- MATERIAL TO PROCESS -

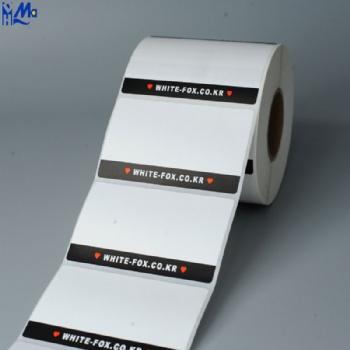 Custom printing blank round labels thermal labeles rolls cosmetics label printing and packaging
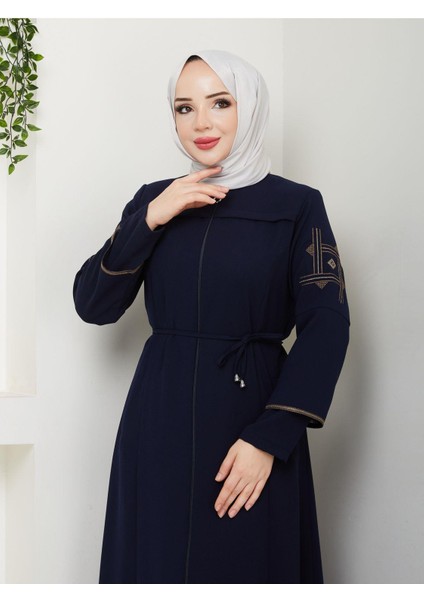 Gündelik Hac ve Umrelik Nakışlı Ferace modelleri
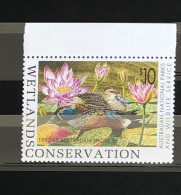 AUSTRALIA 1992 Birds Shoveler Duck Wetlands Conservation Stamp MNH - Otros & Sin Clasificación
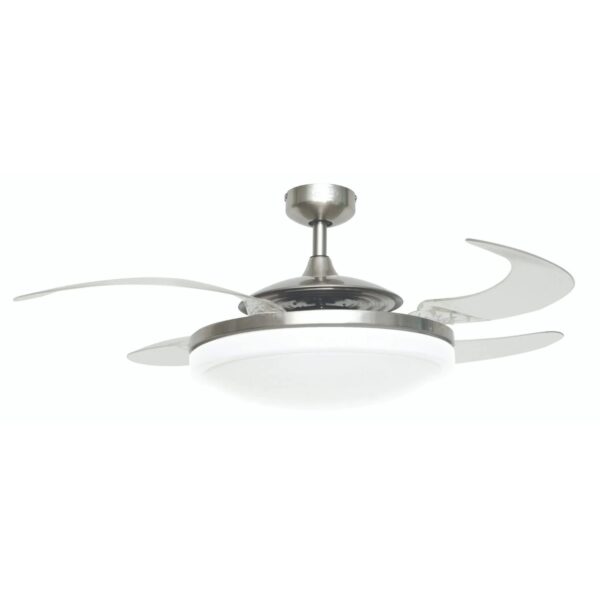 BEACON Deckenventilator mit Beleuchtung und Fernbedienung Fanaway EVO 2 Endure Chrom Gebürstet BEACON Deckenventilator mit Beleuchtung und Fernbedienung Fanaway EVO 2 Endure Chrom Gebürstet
* * *
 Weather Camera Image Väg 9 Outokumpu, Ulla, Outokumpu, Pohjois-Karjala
==
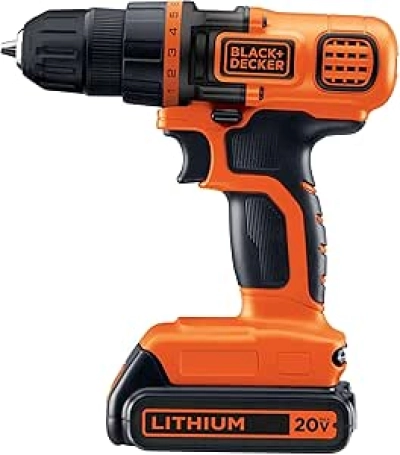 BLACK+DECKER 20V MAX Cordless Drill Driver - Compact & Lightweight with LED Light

- WHAT IS EXPECTED -
How would the lines above read from the one with "Custom printing blank" to the one with "Chrom Gebürstet BEACON", inclusive, with no pictures? Write them out exactly.

- TASK RESPONSE -
 Custom printing blank round labels thermal labeles rolls cosmetics label printing and packaging
 Gündelik Hac ve Umrelik Nakışlı Ferace modelleri
 AUSTRALIA 1992 Birds Shoveler Duck Wetlands Conservation Stamp MNH - Otros & Sin Clasificación
 BEACON Deckenventilator mit Beleuchtung und Fernbedienung Fanaway EVO 2 Endure Chrom Gebürstet BEACON Deckenventilator mit Beleuchtung und Fernbedienung Fanaway EVO 2 Endure Chrom Gebürstet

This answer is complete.